Task goal ::
Only the lines below from the one that holds "3 вида полицейский" through the one that holds "SqueakyMissD's tweet photo. Well." should appear in the answer, copied exactly, end lines included and pictures omitted.

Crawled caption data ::
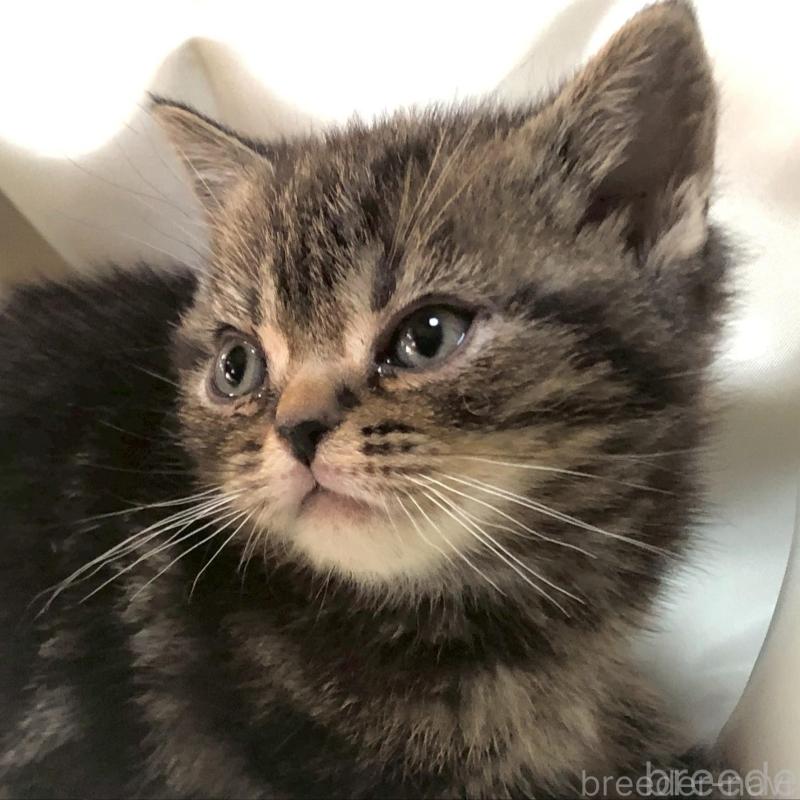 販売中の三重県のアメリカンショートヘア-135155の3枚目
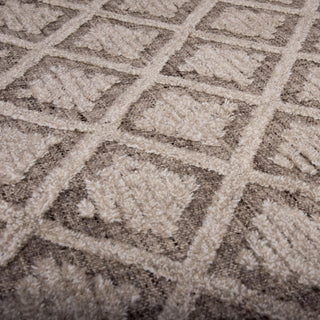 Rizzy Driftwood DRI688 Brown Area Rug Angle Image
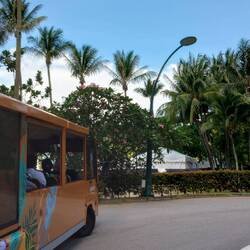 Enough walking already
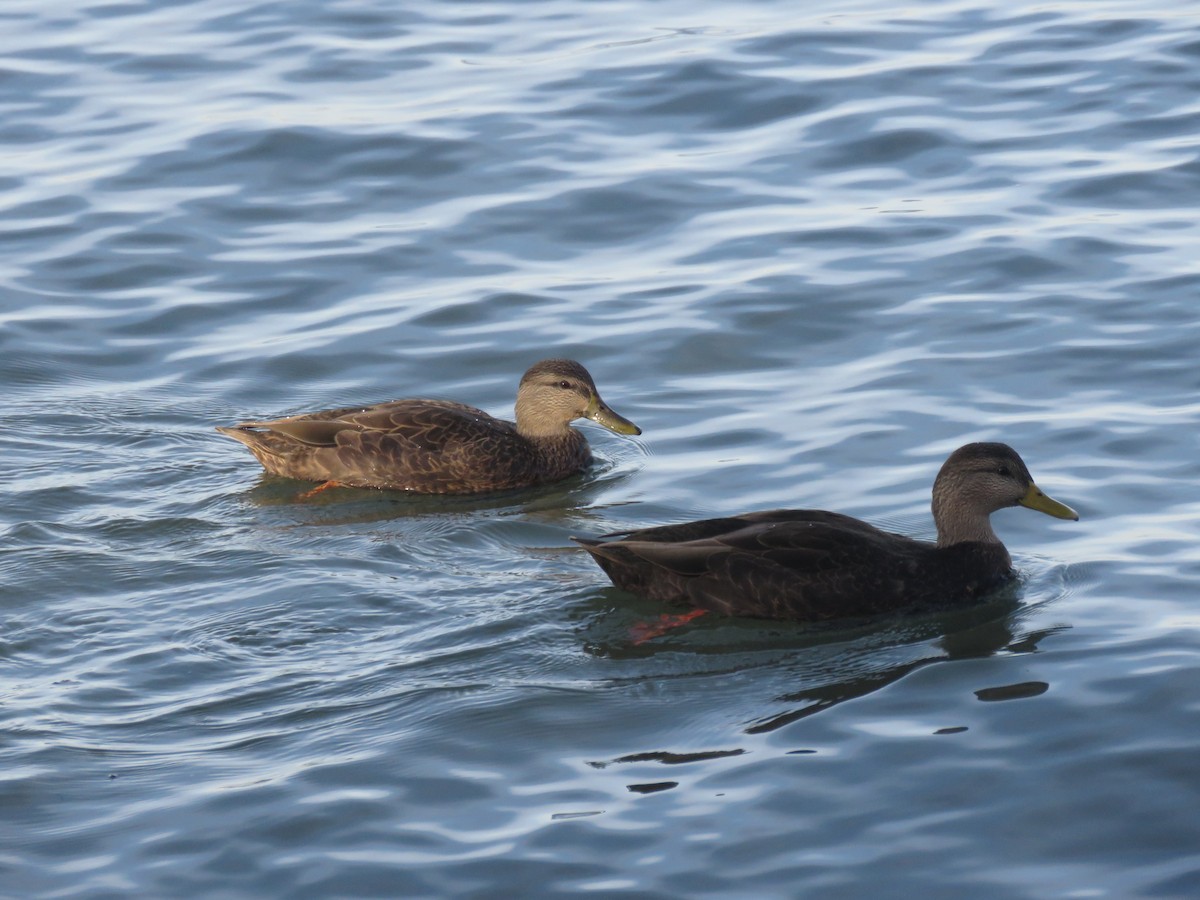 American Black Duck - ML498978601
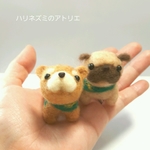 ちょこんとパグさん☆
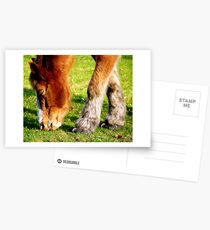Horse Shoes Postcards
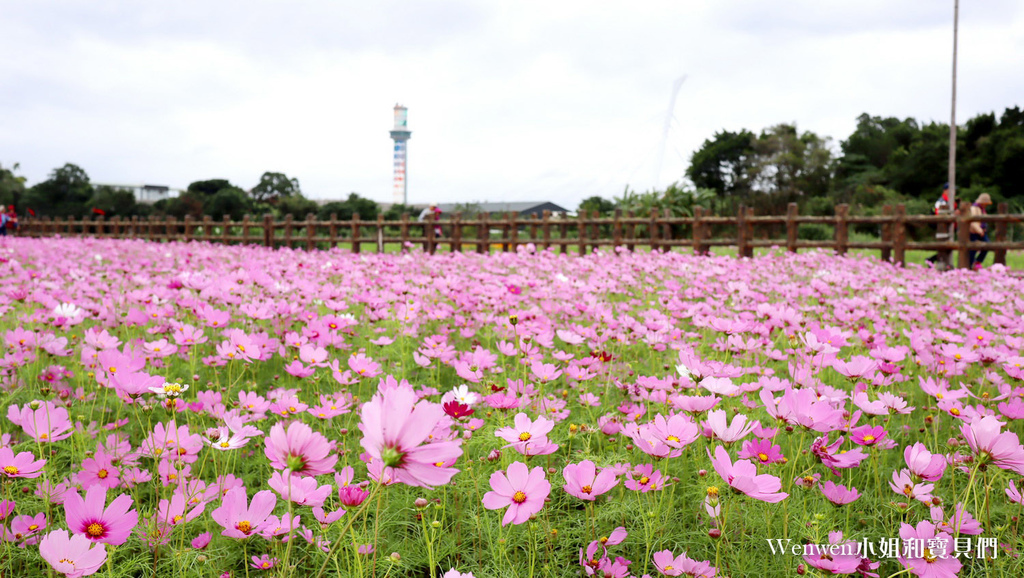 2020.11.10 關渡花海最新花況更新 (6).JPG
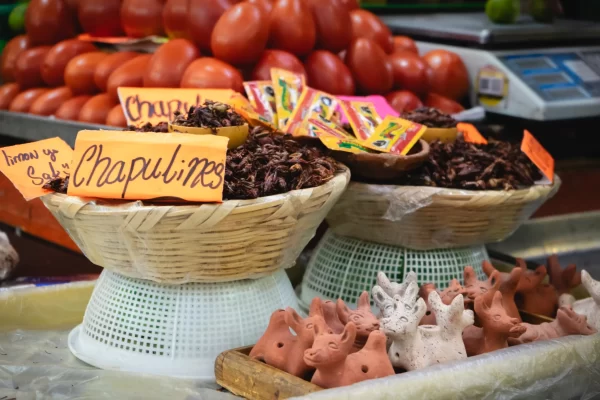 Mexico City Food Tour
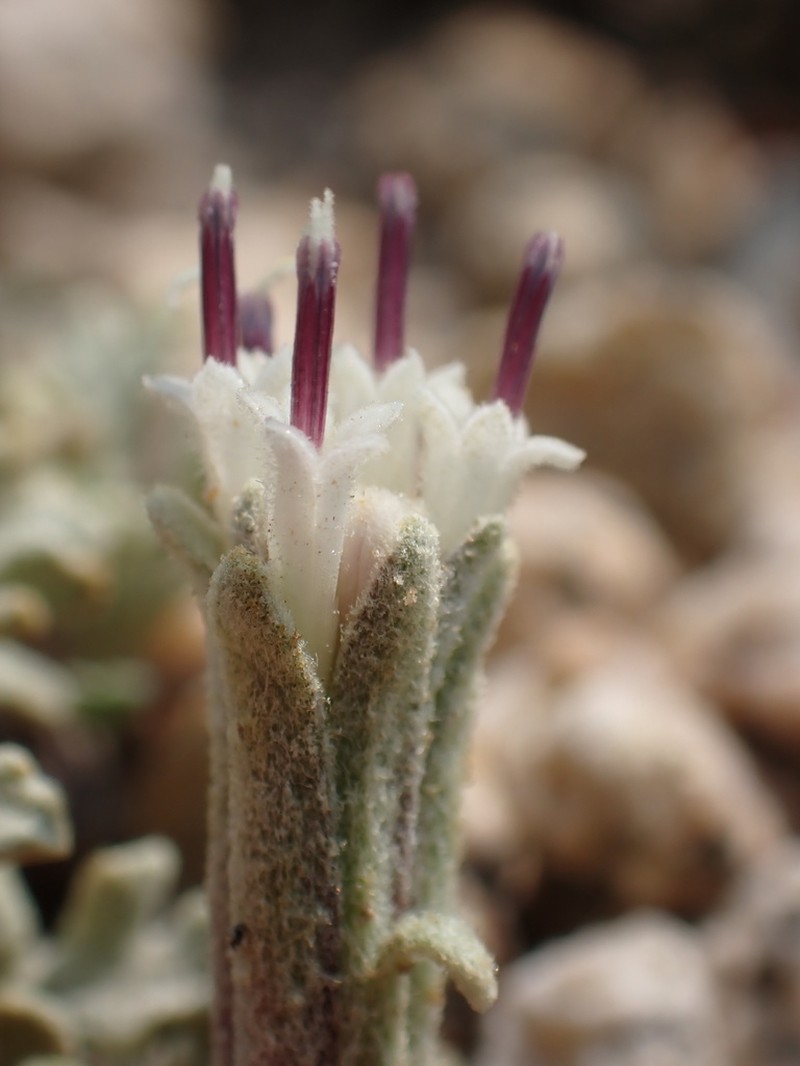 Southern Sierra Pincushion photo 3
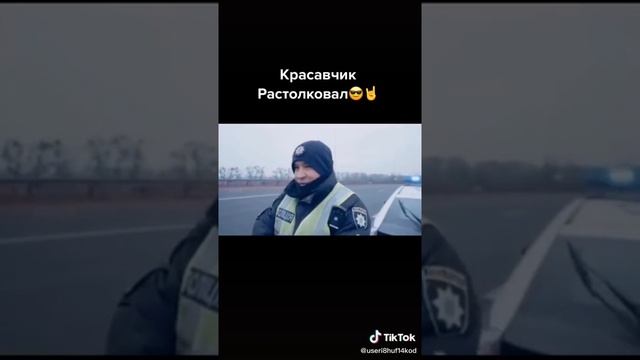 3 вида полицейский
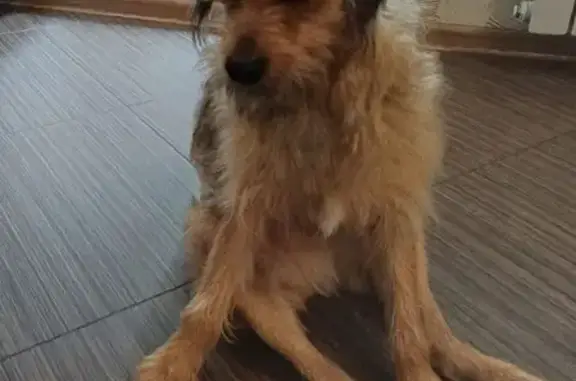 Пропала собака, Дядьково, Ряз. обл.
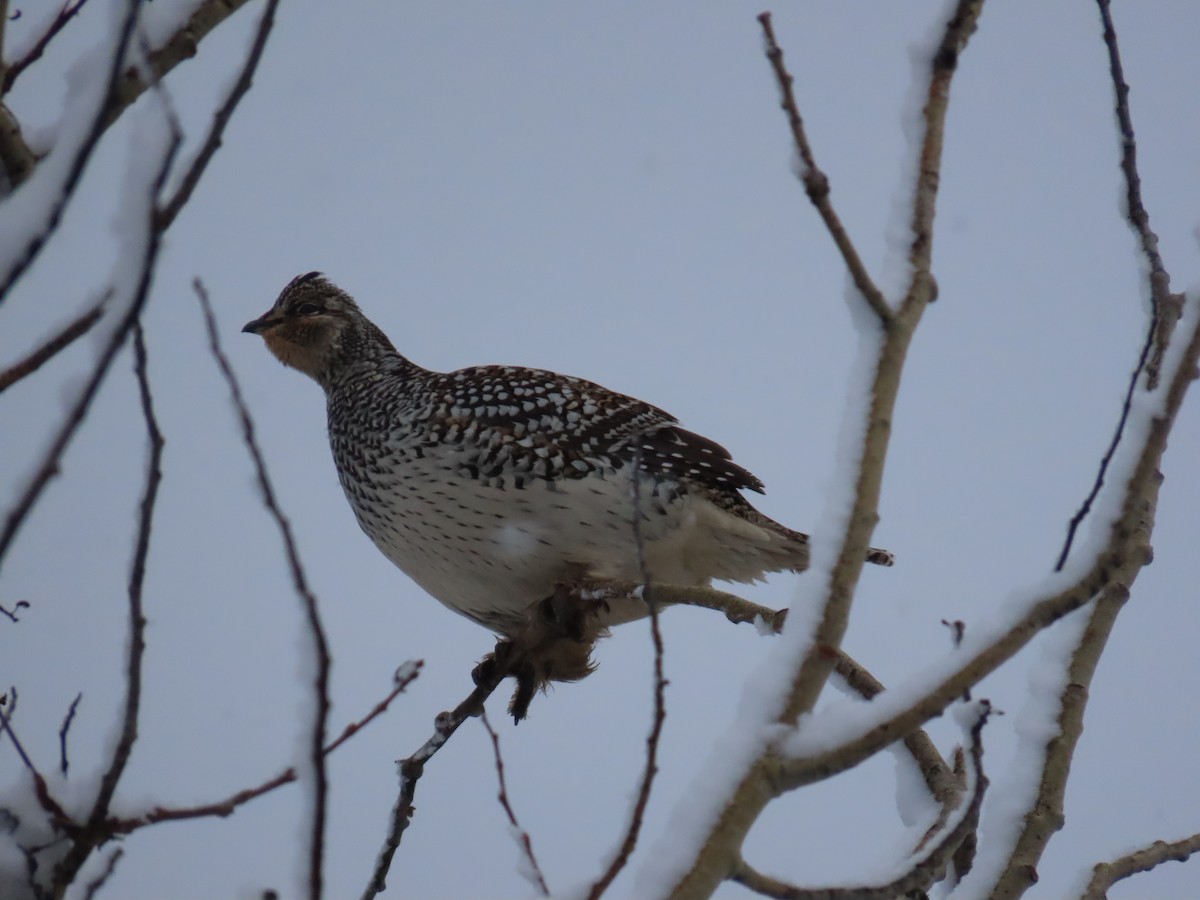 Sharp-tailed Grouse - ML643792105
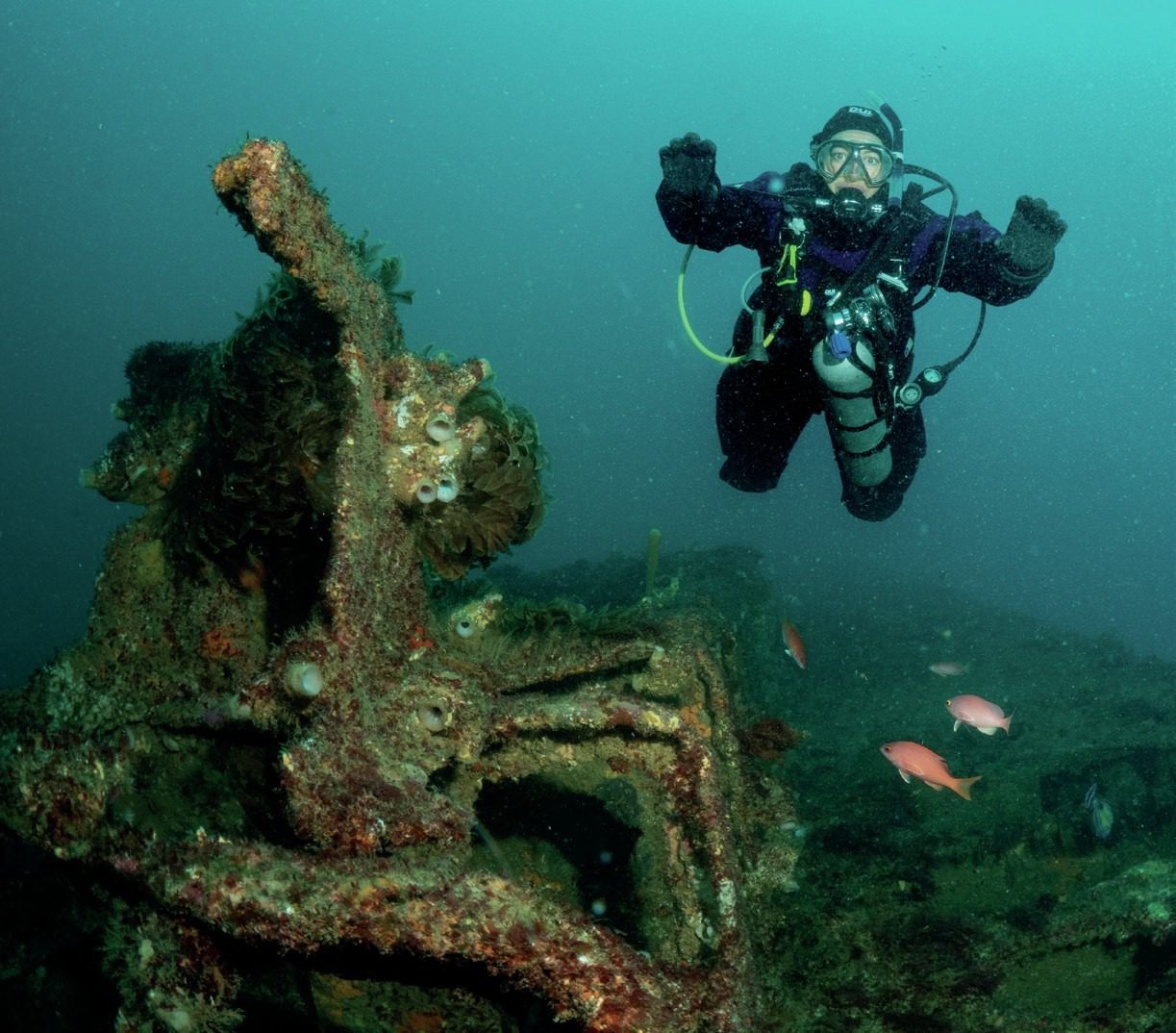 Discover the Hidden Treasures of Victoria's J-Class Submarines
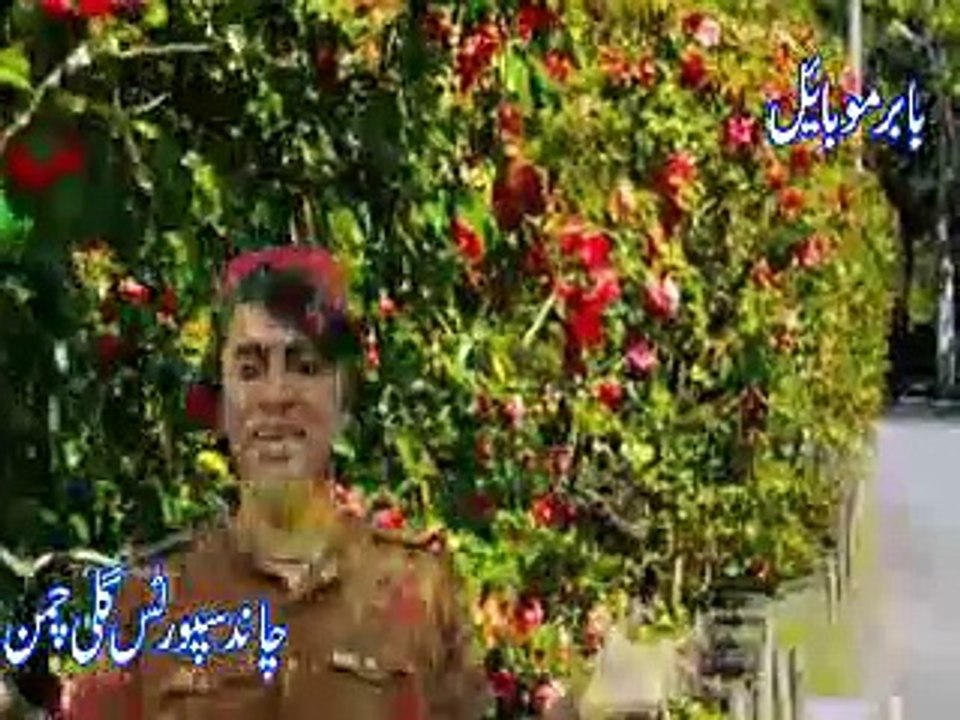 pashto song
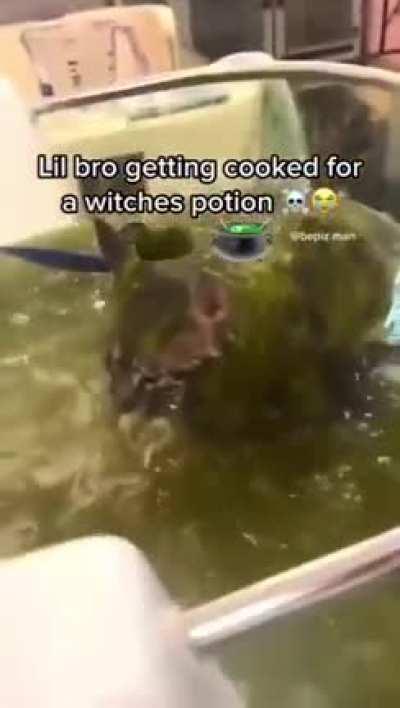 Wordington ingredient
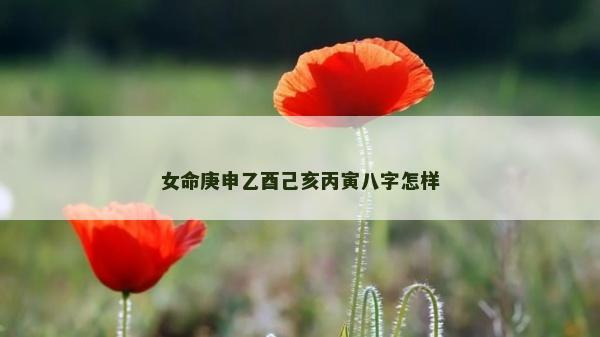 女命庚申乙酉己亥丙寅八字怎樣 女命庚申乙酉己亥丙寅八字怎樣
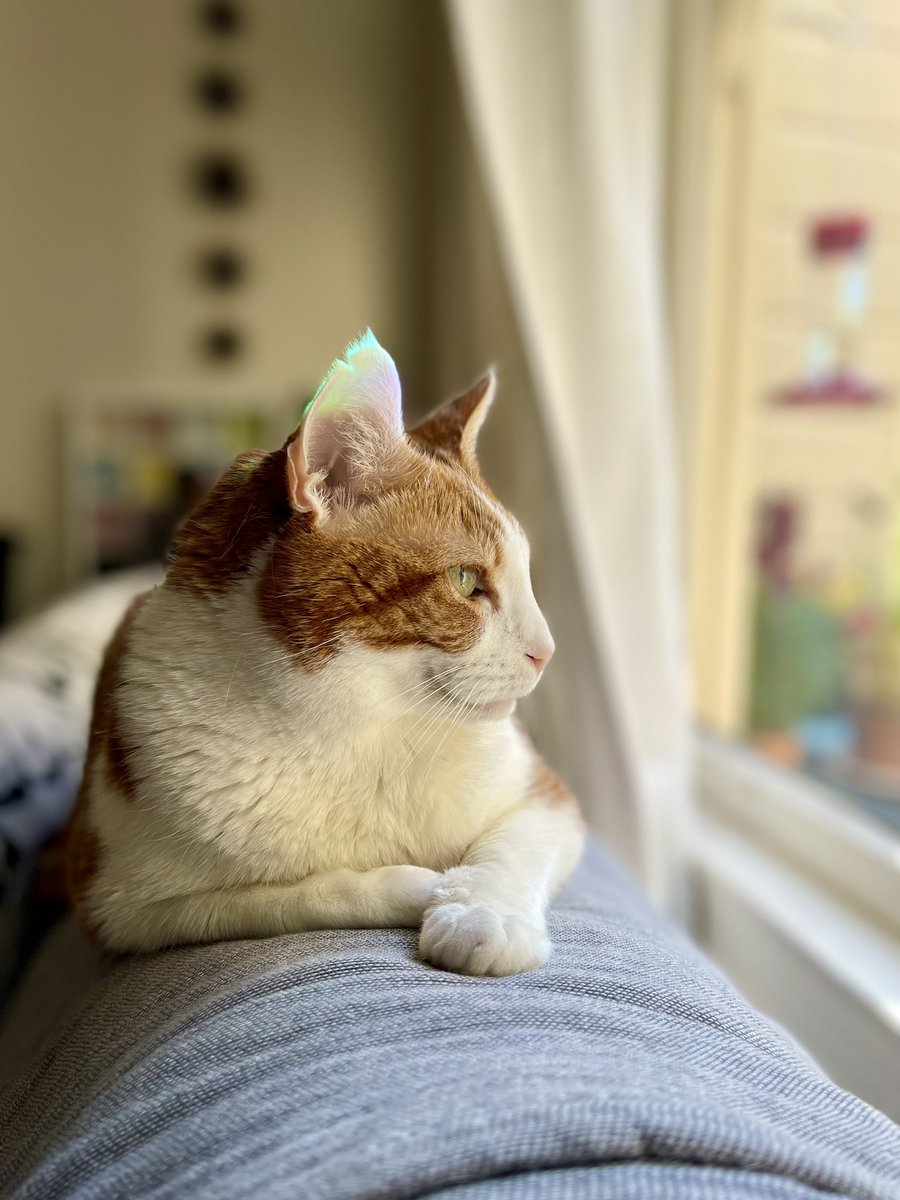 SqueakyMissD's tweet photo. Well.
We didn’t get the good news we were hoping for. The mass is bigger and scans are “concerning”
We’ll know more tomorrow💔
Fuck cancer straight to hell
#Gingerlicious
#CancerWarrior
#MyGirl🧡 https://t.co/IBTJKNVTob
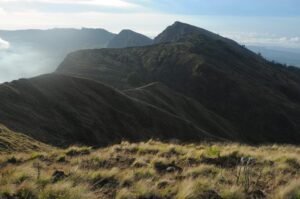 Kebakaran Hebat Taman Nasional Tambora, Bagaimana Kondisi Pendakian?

Result ::
 3 вида полицейский
 Пропала собака, Дядьково, Ряз. обл.
 Sharp-tailed Grouse - ML643792105
 Discover the Hidden Treasures of Victoria's J-Class Submarines
 pashto song
 Wordington ingredient
 女命庚申乙酉己亥丙寅八字怎樣 女命庚申乙酉己亥丙寅八字怎樣
 SqueakyMissD's tweet photo. Well.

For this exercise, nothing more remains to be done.